Spasticity Classification and external resources DiseasesDB 20872 eMedicine neuro/706 pmr/177 MeSH D009128
Spasticity is a feature of altered skeletal muscle performance in muscle tone involving hypertonia, which is also referred to as an unusual "tightness" of muscles. Clinically spasticity is defined as velocity dependent resistance to stretch, where a lack of inhibition from the CNS results in excessive contraction of the muscles, ultimately leading to hyperflexia.
It mostly occurs in disorders of the central nervous system (CNS) impacting the upper motor neuron in the form of a lesion, such as spastic diplegia, but it can also present in various types of multiple sclerosis, which are autoimmune conditions.
Precise cause aside, whenever there is a loss of muscle tone inhibition from the brain to the spinal cord such that muscles become overactive, this loss of inhibitory control can cause an ongoing level of contraction, with decreased ability for the affected individual to volitionally control the muscle contraction, and increased resistance felt on passive stretch.
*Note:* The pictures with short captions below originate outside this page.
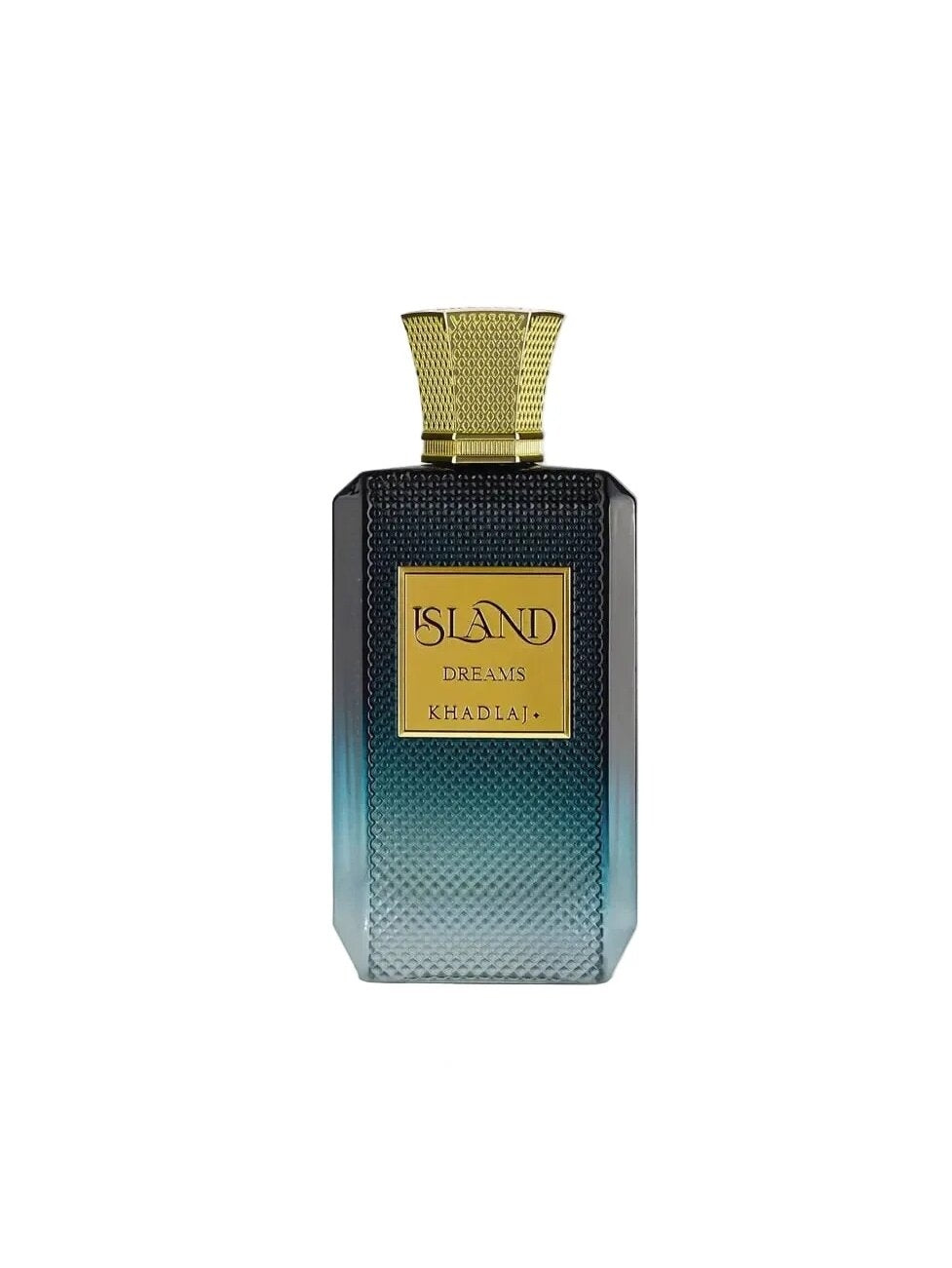 Khadlaj Island Dreams Extrait de Parfum PP kvepalai vyrams ir moterims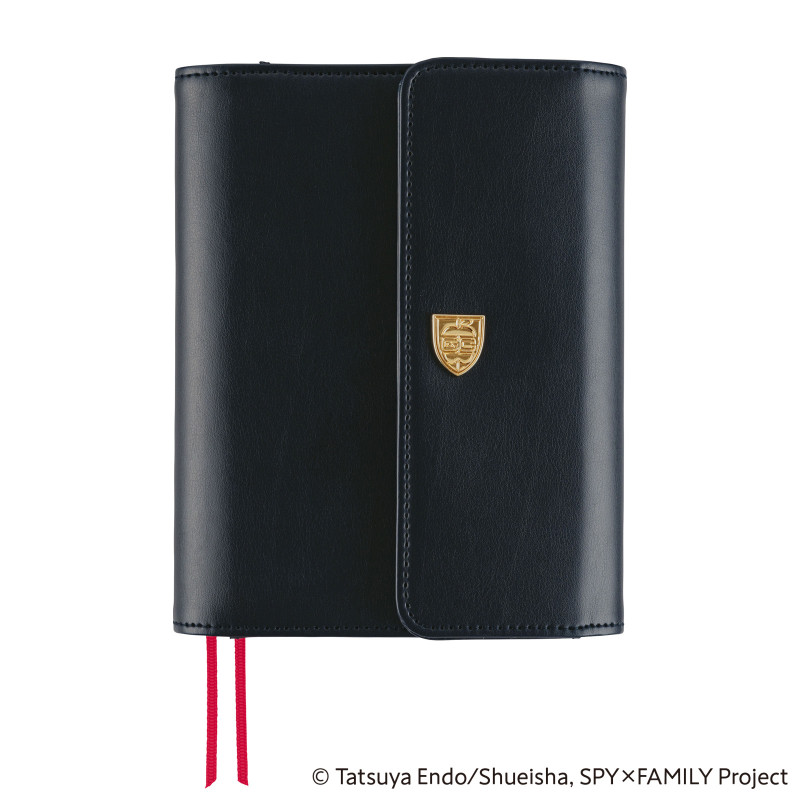 Hobonichi Techo Cover A6 | SPY x FAMILY: After Class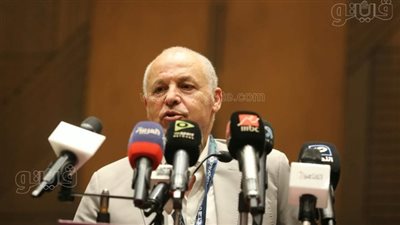 أبو ريدة: إعداد منتخب الناشئين تكلّف 40 مليون جنيه وسنضاعف المكافآت استعدادًا للمونديال (فيديو)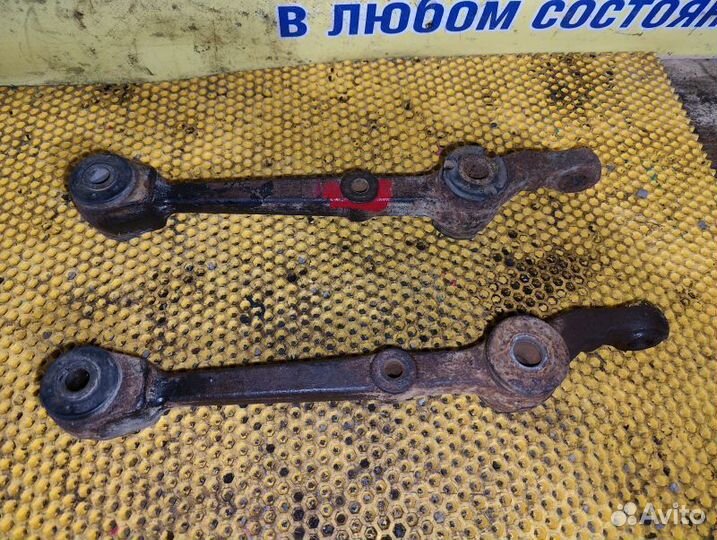 Рычаг передний правый ваз (LADA) Granta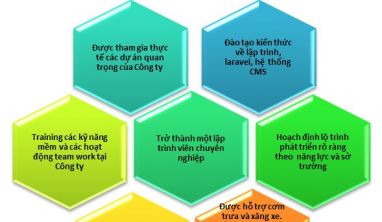 Viet Solution tuyển dụng thực tập Front End Developer 2016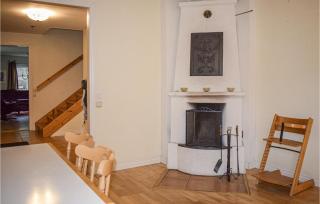 Beautiful Home In Tingsryd With Sauna - Tingsryd - 6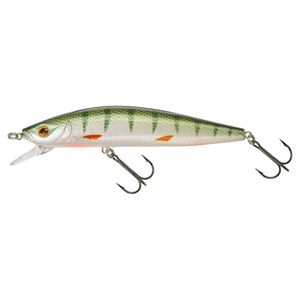 GAMERA 12.8CM SP GREEN PERCH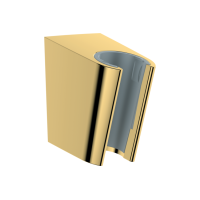 Тримач для душу Hansgrohe Porter S Polished Gold Optic (28331990)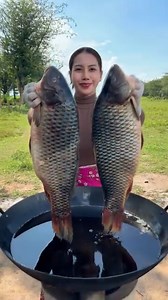 How to crispy fish recipe with vegetable | Oh Food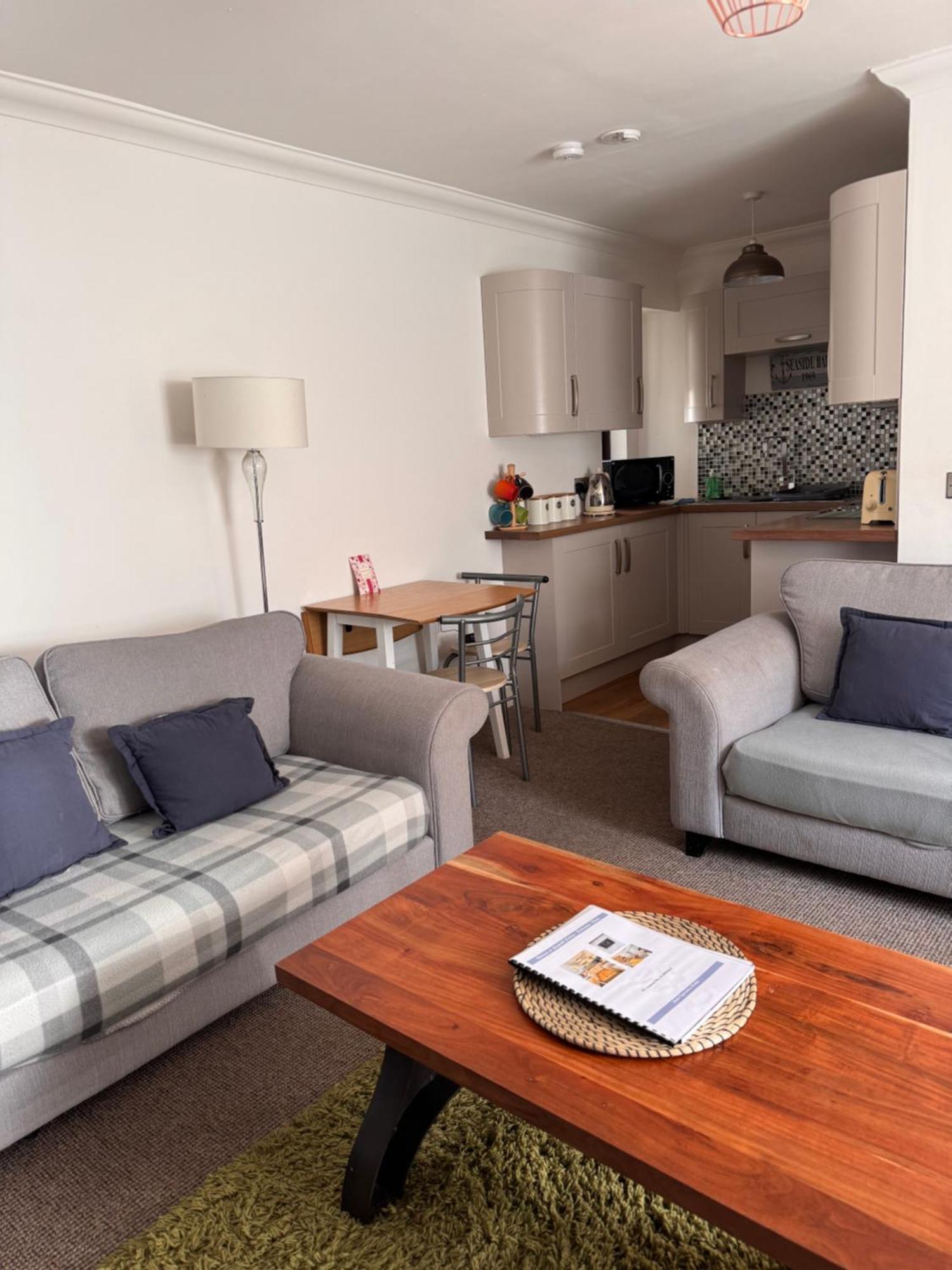 Seaforth Cottage -Dog Friendly, Historical Fishertown, Central Location Неърн Екстериор снимка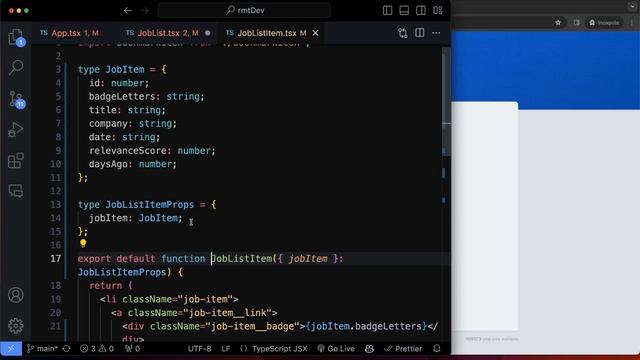 128. JobItem type (special types file) смотреть онлайн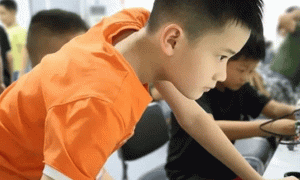 武汉汉阳区青少年编程_考试考级培训，比赛赛事-童程童美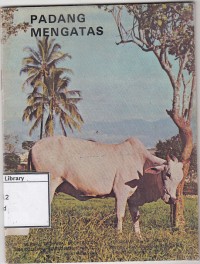 Padang Mengatas
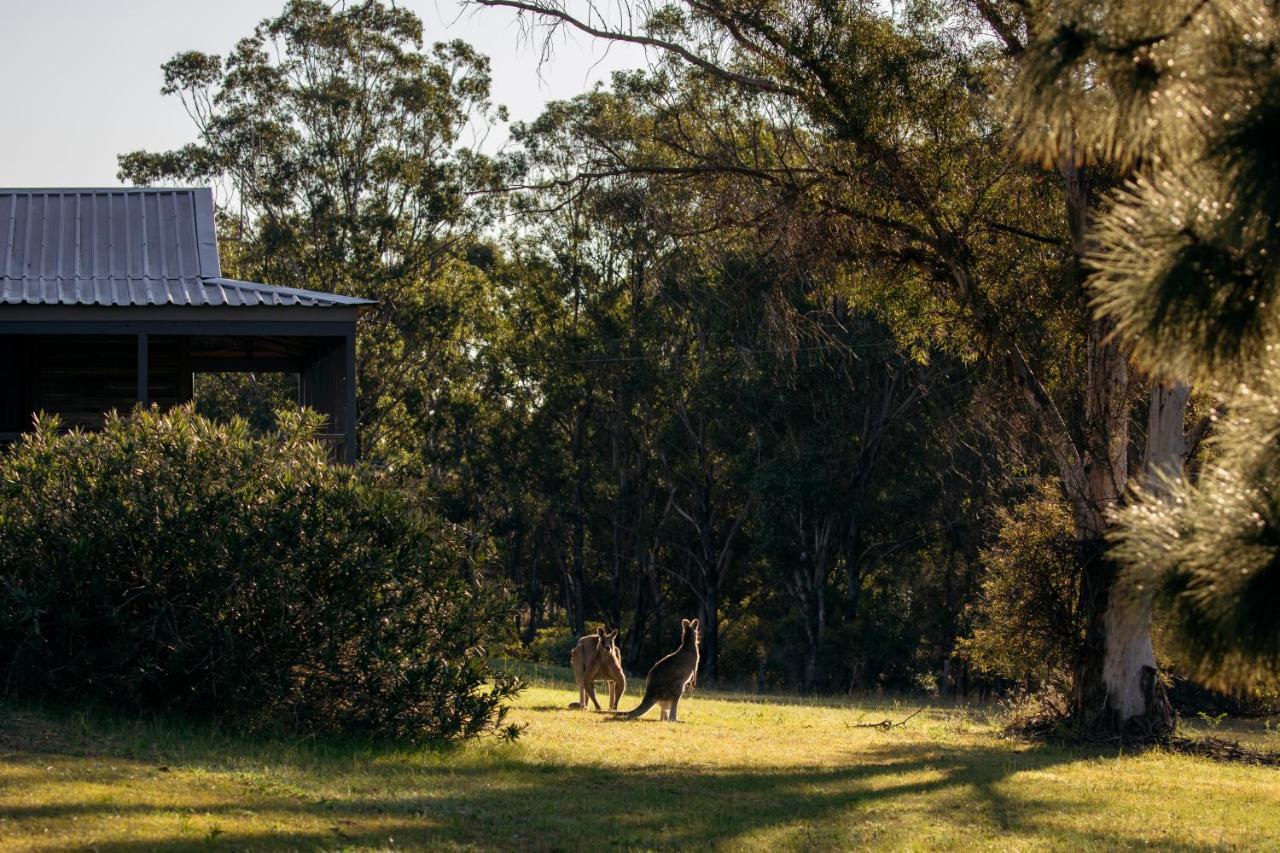 Palmers Lane Estate Hunter Valley Поколбин Екстериор снимка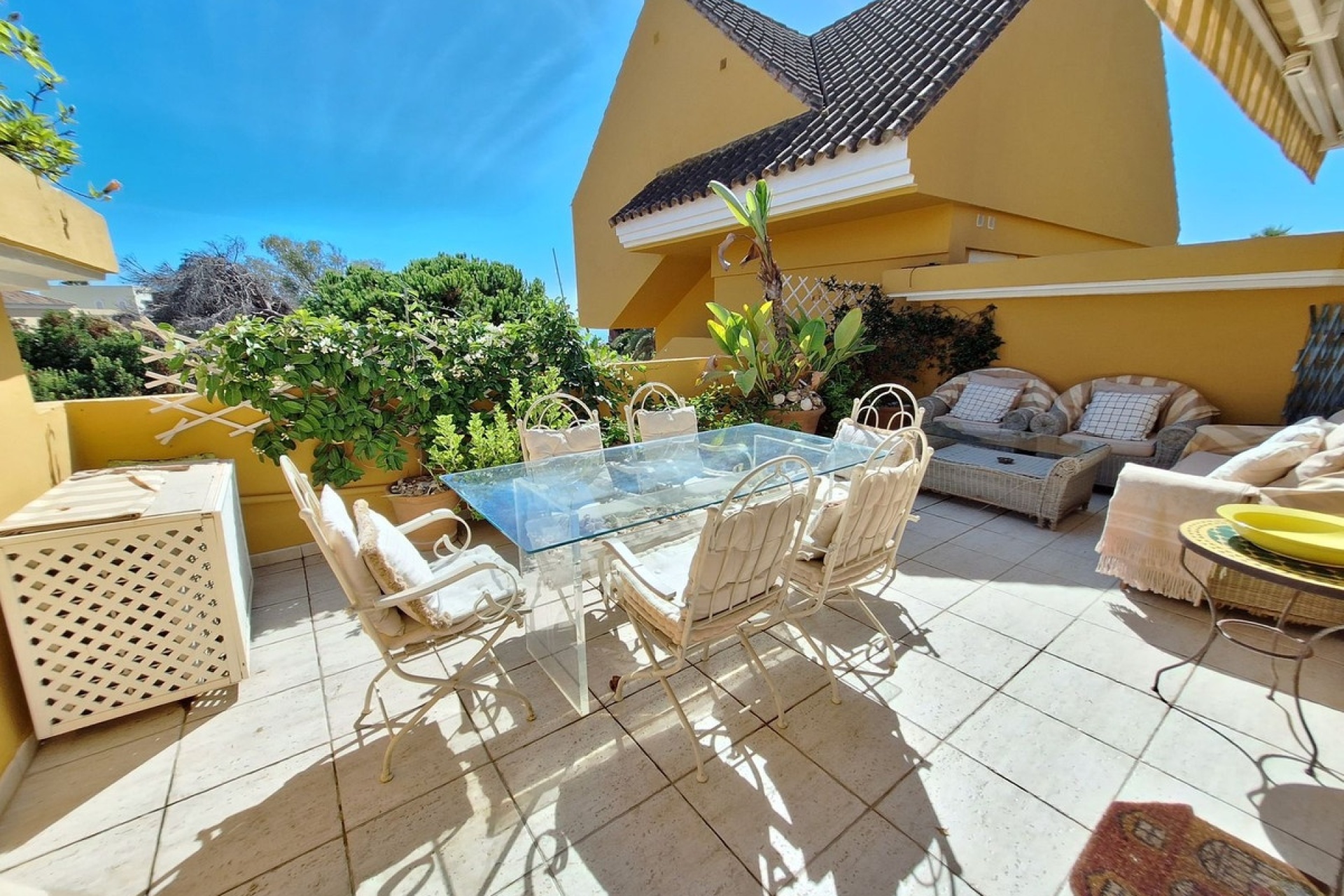 Wiederverkauf - apartment - Marbella - Elviria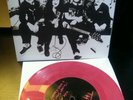 The Boo Super Starship Green Day 45 7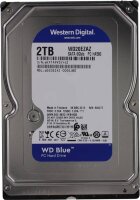 Жесткий диск Western Digital 2000 Gb WD20EZAZ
The clinical underpinnings of two of the most common spasticity conditions, spastic diplegia and multiple sclerosis, can be described as follows: in spastic diplegia, the upper motor neuron lesion arises often as a result of neonatal asphyxia, while in conditions like multiple sclerosis, spasticity comes as a result of the autoimmune destruction of the myelin sheaths around nerve endings — which in turn can mimic the gamma amino butyric acid deficiencies present in the damaged nerves of spastic diplegics, leading to roughly the same presentation of spasticity, but which clinically is fundamentally different from the latter.
Overall, a defining feature of spasticity is that the increased resistance to passive stretch is velocity-dependent. Lance (1980) describes it this way: “...a motor disorder, characterised by a velocity-dependent increase in tonic stretch reflexes (muscle tone) with exaggerated tendon jerks, resulting from hyper-excitability of the stretch reflex as one component of the upper motor neurone (UMN) syndrome”. Strangely, however, rather than being in the motor nerves as might be assumed to be the case, spasticity actually stems from the sensory nerves.
Spasticity is found in conditions where the brain and/or spinal cord are damaged or fail to develop normally; these include cerebral palsy, multiple sclerosis, spinal cord injury and acquired brain injury including stroke. Muscles affected in this way have many other potential features of altered performance in addition to spasticity, including muscle weakness; decreased movement control; clonus (a series of involuntary rapid muscle contractions often symptomatic of muscle over-exertion and/or muscle fatigue); exaggerated deep tendon reflexes; and decreased endurance.
Historical progression of spasticity hypotheses
The understanding of spasticity and the upper motor neuron lesion it is based on has progressed considerably in recent decades. However, the term "spasticity" is still often used interchangeably with "Upper Motor Neuron Syndrome" in the clinical settings, and it is not unusual to see patients labeled as spastic who demonstrate an array of upper motor neuron findings
Research has clearly shown that exercise is beneficial for spastic muscles, even though in the very early days of research it was assumed that strength exercise would increase spasticity. Also, from at least the 1950s through at least the 1980s, there was a strong focus on other interventions for spastic muscles, particularly stretching and splinting, but the evidence does not support these as effective. In the case of spastic diplegia there is also a permanent neurosurgical treatment for spasticity, selective dorsal rhizotomy, that directly targets nerves in the spine that cause the spasticity, and destroys them, so that the spasticity can't be activated at all.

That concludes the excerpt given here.